I would like to thank my advisors Donald Wittman and Carlos Dobkin for their invaluable help. I am also grateful to Elizabeth Drake of the Washington State Institute for Public Policy for providing me with the data sets used in this article. I benefited from comments and suggestions from Jean Paul Rabanal, Julian Caballero, and two anonymous referees. I thank them all wholeheartedly.

Notes

1 Items need not be objectively measurable (e.g., “any prior offenses”); subjective items can also be part of an instrument (e.g., “attitude toward sentence”), as long as they can be coded in a standardized way. In addition, items don’t need to be of a dichotomous nature taking 0 (no) or 1 (yes) answers. They can measure a continuous variable, such as age, and use cut-off points to separate different levels (e.g., if age is between 18 and 30, 1 point is added to the score, etc.). Moreover, if an item is negatively associated with an outcome, properly structured scales can add negative numbers, such as −1, −2, etc.

2 The Method section provides more information on the distinction between “static” and “dynamic” predictors.

3 The authors compared the predictive validities of those instruments and found the Structured Assessment of Violence Risk in Youth (SAVRY) to be the best, followed by the Violence Risk Appraisal Guide (VRAG) and the Spousal Assault Risk Assessment (SARA). Note that VRAG is one of the instruments that use a form of weighting, while the other two instruments do not.

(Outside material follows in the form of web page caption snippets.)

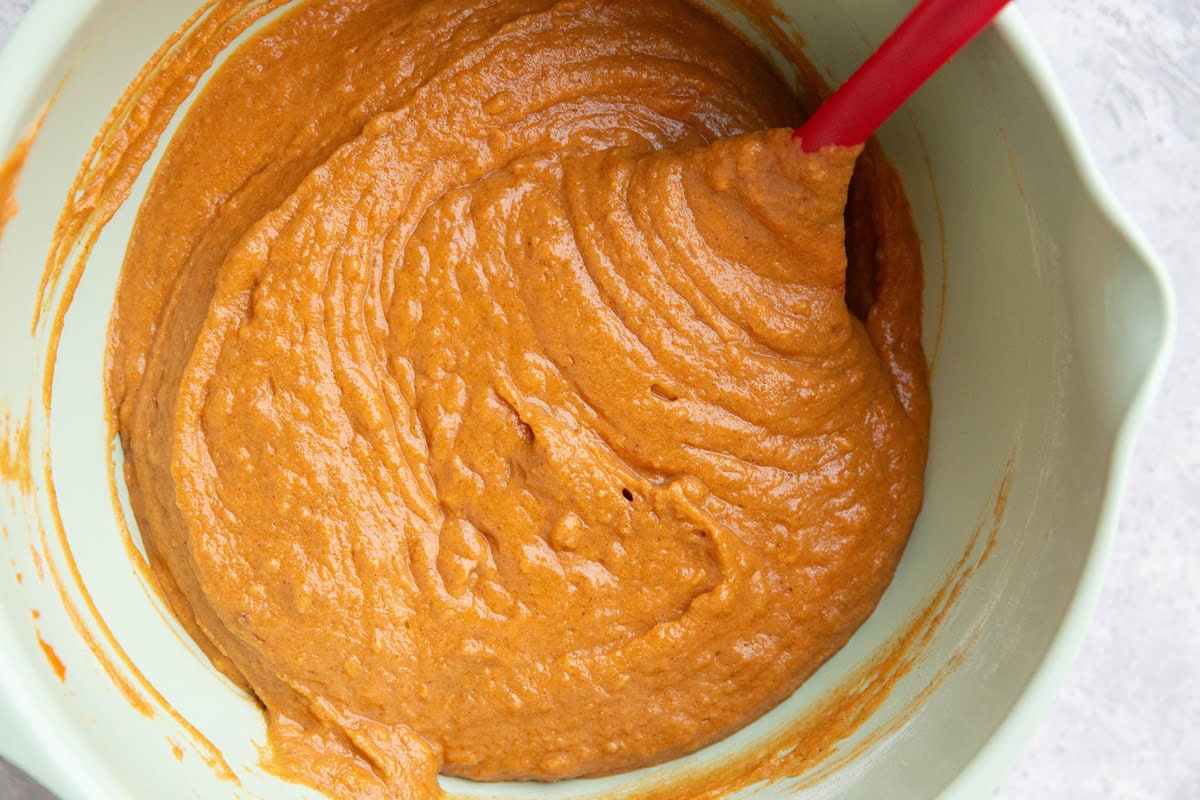 Pumpkin cake batter in a mixing bowl.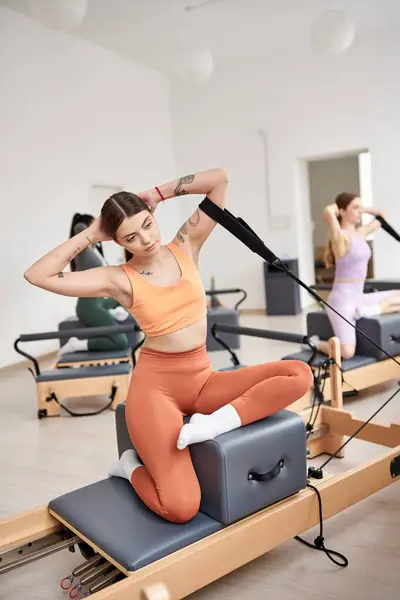Femmes dévouées en vêtements de sport lors de pilates dans une salle de gym ensemble. — Photo de stock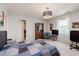 Carpeted bedroom with overhead lighting, chair, desk, bookcase, and a walk-in closet at 5251 Apache Moon, Carmel, IN 46033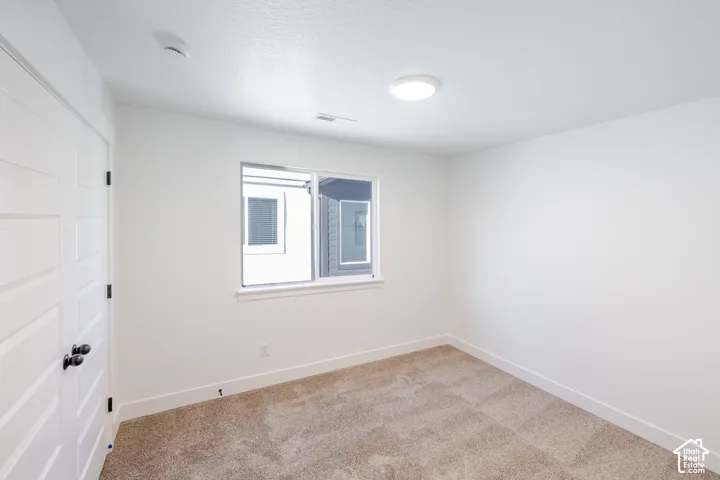 White painted walls, neutral carpet, and a window for natural light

4 This debate has more recently expanded to include the effectiveness and suitability of machine learning in predicting recidivism outcomes (for a synopsis see Wormith, Citation2017).

5 Laughlin (Citation1978) though showed that the loss in accuracy was actually twice as great as previously thought and, therefore, equal weighting schemes could not be considered a panacea. Wainer (Citation1978) conceded this point.

6 However, Cohen (Citation1990) argued that even in those circumstances the optimal weights will not perform much better than equal weights.

7 For example, the Results section shows that the majority of LSI-R items are positively correlated with outcomes. However, there is also a minority of items that are negatively correlated with outcomes.

8 Some questions can be answered on a scale from 0 to 3, but the responses are also converted to a binary 0 or 1 form by way of a simple conversion method.

9 The full set of LSI-R items can be found in Andrews and Bonta, (Citation1995) or Holsinger, Lowenkamp, and Latessa (Citation2003).

10 The subcomponents are (with number of items in parentheses): criminal history (10), education/employment (10), financial (2), family/marital (4), accommodation (3), leisure/recreation (2), companions (5), alcohol/drug problems (9), emotional/personal (5), attitudes/orientation (4).

11 For example, the criminal history subcomponent with its 10 items plays a more important role in the determination of an offender’s score than the Attitudes/Orientation subcomponent with its 4 items.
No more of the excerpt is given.